私は椰子の木になりたい
獲った椰子の実を、ほったらかしておく。
(ここで言う「椰子」は、一般的なココナッツの実のなる”ココヤシ”の話です)
すると、緑色の椰子の実が枯れて、やがて茶色になると、画像のように芽が出てくる。
それを地に植えしばらくすると、グングンと7~8枚の葉が伸びる・・・まだ幹はない。
成長し古い葉が枯れ落ち始めると、幹が形成されてくる。
が・・・このくらいでは実はまだできない。
幹が3メートルほどの高さになると、花芯を出して実が成りはじめ、やがて高さ20メートル以上にも成長する。
上の画像では、左上に実がいくつか見えている。
熱帯の海仕事に憧れ、脱サラして、フィリピンに来て10数年、ダイビングインストラクターという職業のせいか、今までフィリピンの海にばかりに目がいってました。
ところがリゾート建設にかかわるようになり、改めて、ヤシの存在の大きさに気が付いた次第です。
椰子の実から芽が出て成長し、やがて実を付けるに至り、その実を食すまで、生活の中の一部となっておりました。
あるいは、植え替えて椰子の成長を楽しみ、はたまた、老木を切り倒して心を痛めました。
人々の暮らしに深く関わり、様々な恩恵をもたらす椰子の木については、このブログでも拙い文章で申し上げてきましたので、今回は言いません。

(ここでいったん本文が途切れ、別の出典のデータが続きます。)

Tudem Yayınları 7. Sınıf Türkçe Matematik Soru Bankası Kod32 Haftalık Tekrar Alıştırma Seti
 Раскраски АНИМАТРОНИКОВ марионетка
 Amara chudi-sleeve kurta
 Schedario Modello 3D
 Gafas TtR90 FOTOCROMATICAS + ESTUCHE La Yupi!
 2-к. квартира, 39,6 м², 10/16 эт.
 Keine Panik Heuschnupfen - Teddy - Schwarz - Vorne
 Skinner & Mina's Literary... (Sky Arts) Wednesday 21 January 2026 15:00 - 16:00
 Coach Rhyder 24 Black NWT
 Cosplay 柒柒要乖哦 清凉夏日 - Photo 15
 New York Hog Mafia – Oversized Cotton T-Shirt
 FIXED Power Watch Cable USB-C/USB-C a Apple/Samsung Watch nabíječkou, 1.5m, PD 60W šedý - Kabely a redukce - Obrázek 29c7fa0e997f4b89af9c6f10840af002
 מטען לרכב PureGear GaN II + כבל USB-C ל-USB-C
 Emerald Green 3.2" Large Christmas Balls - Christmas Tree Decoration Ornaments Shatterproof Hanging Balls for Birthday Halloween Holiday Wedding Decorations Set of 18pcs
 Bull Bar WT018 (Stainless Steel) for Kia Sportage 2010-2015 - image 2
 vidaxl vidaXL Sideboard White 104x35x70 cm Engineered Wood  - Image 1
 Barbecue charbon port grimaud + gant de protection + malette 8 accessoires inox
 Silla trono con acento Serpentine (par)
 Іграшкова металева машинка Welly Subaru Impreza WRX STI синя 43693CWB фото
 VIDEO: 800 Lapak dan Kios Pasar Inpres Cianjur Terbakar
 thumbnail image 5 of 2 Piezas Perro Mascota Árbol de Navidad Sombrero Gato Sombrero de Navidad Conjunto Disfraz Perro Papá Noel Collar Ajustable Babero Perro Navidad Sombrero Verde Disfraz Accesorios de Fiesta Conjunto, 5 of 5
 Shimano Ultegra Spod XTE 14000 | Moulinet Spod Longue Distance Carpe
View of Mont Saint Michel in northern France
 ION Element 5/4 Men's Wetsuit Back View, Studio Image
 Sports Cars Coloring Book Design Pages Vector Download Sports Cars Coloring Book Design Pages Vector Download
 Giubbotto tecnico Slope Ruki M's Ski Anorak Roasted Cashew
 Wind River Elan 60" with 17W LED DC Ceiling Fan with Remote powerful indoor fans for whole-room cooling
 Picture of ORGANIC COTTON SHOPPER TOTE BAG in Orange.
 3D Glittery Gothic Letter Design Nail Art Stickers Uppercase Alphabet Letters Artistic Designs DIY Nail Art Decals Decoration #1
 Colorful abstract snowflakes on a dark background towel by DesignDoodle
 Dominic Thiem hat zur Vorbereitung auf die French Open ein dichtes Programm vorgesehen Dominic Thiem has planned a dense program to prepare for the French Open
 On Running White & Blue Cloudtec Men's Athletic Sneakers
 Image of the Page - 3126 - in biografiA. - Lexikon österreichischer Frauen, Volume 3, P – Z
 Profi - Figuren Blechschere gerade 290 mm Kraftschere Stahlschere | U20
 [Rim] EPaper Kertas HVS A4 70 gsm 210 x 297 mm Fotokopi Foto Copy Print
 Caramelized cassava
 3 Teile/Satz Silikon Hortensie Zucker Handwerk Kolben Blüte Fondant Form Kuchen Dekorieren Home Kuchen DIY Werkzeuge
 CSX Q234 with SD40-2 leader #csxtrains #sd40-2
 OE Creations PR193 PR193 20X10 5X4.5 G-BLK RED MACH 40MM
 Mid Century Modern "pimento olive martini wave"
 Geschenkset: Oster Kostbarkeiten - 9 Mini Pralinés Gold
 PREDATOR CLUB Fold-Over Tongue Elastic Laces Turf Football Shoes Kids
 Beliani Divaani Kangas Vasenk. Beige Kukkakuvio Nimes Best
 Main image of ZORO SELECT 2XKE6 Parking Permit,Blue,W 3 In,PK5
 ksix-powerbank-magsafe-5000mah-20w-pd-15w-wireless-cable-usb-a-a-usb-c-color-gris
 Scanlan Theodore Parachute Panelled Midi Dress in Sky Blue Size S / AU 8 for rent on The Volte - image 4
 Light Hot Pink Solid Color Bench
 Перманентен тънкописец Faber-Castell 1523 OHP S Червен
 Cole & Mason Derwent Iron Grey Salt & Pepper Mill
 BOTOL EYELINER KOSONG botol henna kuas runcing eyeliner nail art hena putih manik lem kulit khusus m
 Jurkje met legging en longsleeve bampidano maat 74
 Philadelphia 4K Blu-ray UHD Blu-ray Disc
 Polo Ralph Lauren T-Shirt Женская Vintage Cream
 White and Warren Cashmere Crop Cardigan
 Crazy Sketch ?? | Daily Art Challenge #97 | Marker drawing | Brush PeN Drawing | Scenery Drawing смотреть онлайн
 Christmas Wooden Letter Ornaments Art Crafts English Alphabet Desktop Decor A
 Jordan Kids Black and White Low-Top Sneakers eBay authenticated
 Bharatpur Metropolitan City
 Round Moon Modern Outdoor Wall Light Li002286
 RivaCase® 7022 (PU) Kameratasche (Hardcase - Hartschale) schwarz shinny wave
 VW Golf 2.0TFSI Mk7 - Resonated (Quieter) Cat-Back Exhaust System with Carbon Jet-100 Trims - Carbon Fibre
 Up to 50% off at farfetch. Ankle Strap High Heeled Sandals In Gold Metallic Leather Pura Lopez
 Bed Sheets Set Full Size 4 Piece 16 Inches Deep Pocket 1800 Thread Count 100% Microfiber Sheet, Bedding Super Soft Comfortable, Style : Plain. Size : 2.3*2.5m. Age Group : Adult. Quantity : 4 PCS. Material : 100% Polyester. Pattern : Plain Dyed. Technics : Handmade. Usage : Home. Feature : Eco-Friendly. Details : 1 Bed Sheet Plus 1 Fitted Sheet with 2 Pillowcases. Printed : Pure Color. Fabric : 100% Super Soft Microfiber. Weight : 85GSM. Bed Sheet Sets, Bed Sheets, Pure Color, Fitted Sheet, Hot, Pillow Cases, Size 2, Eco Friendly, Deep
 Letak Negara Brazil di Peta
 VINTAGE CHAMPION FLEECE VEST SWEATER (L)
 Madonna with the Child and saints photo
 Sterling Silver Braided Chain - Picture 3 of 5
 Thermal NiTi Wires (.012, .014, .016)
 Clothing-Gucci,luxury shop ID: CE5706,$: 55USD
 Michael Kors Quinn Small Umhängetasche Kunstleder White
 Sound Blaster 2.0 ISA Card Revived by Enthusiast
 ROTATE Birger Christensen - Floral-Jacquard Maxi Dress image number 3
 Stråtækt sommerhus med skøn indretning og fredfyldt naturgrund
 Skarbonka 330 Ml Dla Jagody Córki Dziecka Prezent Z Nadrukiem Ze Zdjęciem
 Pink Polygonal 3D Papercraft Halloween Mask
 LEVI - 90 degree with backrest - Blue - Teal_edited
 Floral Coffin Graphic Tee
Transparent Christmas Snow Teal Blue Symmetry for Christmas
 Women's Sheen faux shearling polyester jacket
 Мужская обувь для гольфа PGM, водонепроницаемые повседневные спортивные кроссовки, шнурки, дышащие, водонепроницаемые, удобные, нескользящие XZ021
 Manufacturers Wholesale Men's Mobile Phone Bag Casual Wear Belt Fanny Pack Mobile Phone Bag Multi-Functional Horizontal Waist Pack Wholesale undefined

申し上げたいのは、椰子の木の、あるいは椰子の葉の“揺れる様”です。
じっくり見ると、これが実に風雅なのです。
晴れて風のない日でも、眠っているようで、ちらと身じろぎするように葉を揺らす。
あるいは、風の日に、波がうねる様に葉が複雑なダンスをする。
風が強いと、高さ20メートルをゆうに越す椰子の木が、幹をたわませて風をしのいだり、見ていて飽きません。
日本の樹木にはない”風情”だと思います。
私だけかも知れませんが、心癒されます。
食事中など、気が付くと窓の外の椰子の木に見とれて、ボ~ツとしている時があります。
奥様は、私がとうとう“恍惚の人”になってしまったかと、思っているかもです。
世界中では、何十億本も有るだろう、椰子は木としては個性的です。
椰子の木は、生長と共に⁽古い⁾葉を落としていくので、先端にしか葉はありません。
『枝』というものも、ないのです。
真っ直ぐに、時にはせり上がるように曲がりながら、幹一本で天頂を目指します。
先端だけに、どっさりと葉と実をつけて。
いくつになっても腰が定まらず、あちこちとフラフラする私フウテンにとっては、好ましい、大変潔(いさぎよ)い生き方のように思えます。
人として、見習いたい生き方と感じます。